Son pocos los directores que pueden definirse como un completo innovador. Todos ponen su piedra sobre lo que otros ya han armado en el edificio de la creación. Cada obra tiene como sustento algo que ya existe en el pasado y es muy raro ver una producción que se sienta fresca, que rompa esquemas, que aporte formas y se transforme en un antecedente de lo que está por venir.
Pero George A. Romero, quien falleció este domingo a los 77 años, fue un verdadero innovador, un creador original para todo un subgénero del cine de terror. El padre de los zombies no buscó el shock para poner vísceras y sesos de forma sangrienta solo para estremecer o satisfacer nuestra hambre por el gore.
Romero, de forma mucho más importante, lo hizo para decir cosas sobre este mundo, sobre el capitalismo y el individualismo de la sociedad norteamericana. Y el concretar sus obras con ese punto de vista, elevó al creador a categoría de leyenda. A provocador de una catarsis que con un exiguo presupuesto cambio las claves y códigos para llevar al terror a la siguiente esfera.
Aunque existían películas de zombies que sirven de antecedentes, cortesía de las historias relacionadas al vudú, la idea de Romero fue clara: en un mundo en donde las flores y el enfoque hippie no generaron una real revolución, su propuesta fue cambiar al mundo de forma violenta, decante y asquerosa. Sin explicación de origen. Como un golpe directo a los sentidos. Cuando no haya más lugar en el infierno, los muertos salen a devorar a los vivos que no merecen estarlo.
Ya sea hablando sobre los terrores de una sociedad en donde la reina la malacomunicación, y un afroamericano es el último bastión en una sociedad deshumanizada (La noche de los muertos vivientes, 1968), o el consumismo de Estados Unidos como reflejo de un sueño americano que entumece cerebros (El amanecer de los muertos, 1978). Siempre Romero establecía una voz en medio de las tripas.

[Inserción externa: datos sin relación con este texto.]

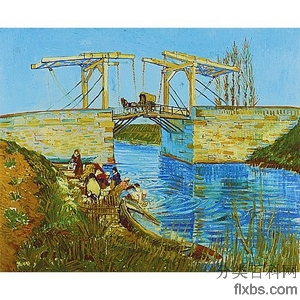 《朗格鲁瓦吊桥下的洗衣妇》梵高1888年绘画作品赏析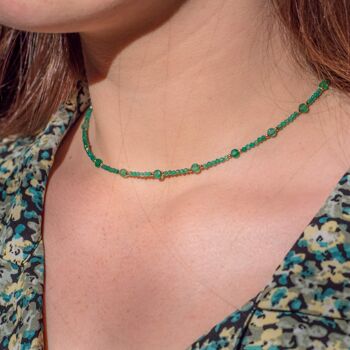 Collier Paloma en pierres Agate Verte 2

Pero también estaban los peligros del complejo militar que subyuga identidades en favor de objetivos nefastos (El día de los muertos, 1985), los megalomaníacos que quieren vivir enclaustrados ante el terror extranjero que temen (La Tierra de los Muertos, 2005) o cómo existe una fascinación por convertir en objeto todo lo que se puede grabar (El diario de los muertos, 2008).

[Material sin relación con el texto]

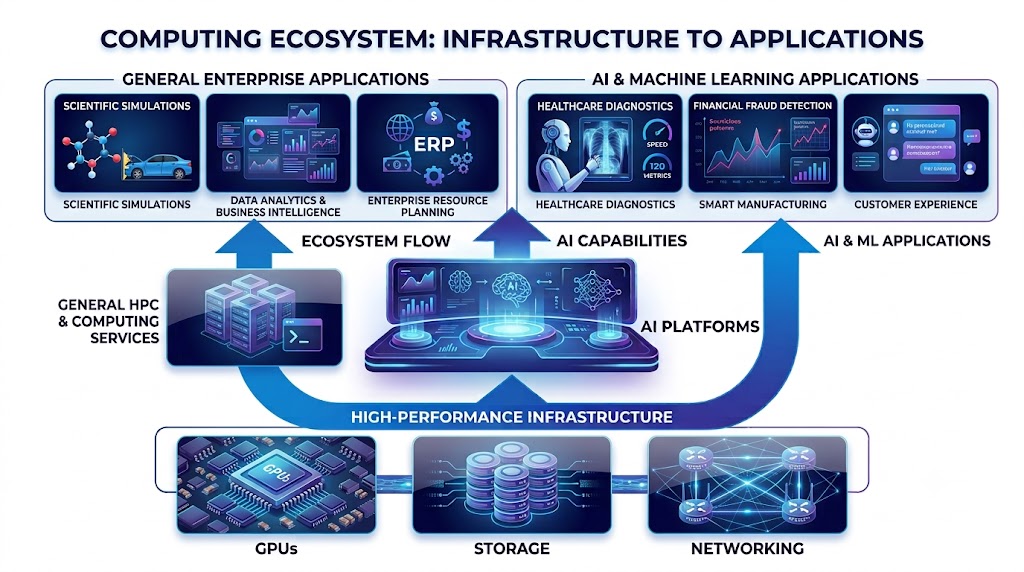 AI computing ecosystem connecting GPUs, storage, networking, AI platforms, and enterprise applications.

Además, el padre de los no muertos concretó una de las mejores adaptaciones de una obra de Stephen King (La mitad siniestra, 1993) y en su filmografía también exploró nuevas ideas en formatos como la antología (Creepshow, 1982) o de postulados tan perversos como la venganza de las mascotas (Atracción diabólica, 1988). Nunca le hizo caso a explorar el lado más oscuro del ser humano.
La muerte de George Romero en definitiva no representa solo una perdida para el cine de terror, ya que fue uno de los grandes cineastas que ayudaron a definir al séptimo arte a través de la experimentación, la exploración y el establecimiento de ideas.
Y en un escenario en el que vemos cada vez más realizadores al servicio de productos refritos, envasados y seriados, el aporte del director seguía reluciendo hasta sus últimos días, ya que preparaba una nueva producción en la que buscaba reinventar una vez más a los zombies, mezclando automóviles enchulados y no muertos esclavizados al volante. Este ícono del terror no se quedaba con lo ya establecido, porque consideraba que siempre se le puede dar un giro. Siempre hay algo que se puede decir.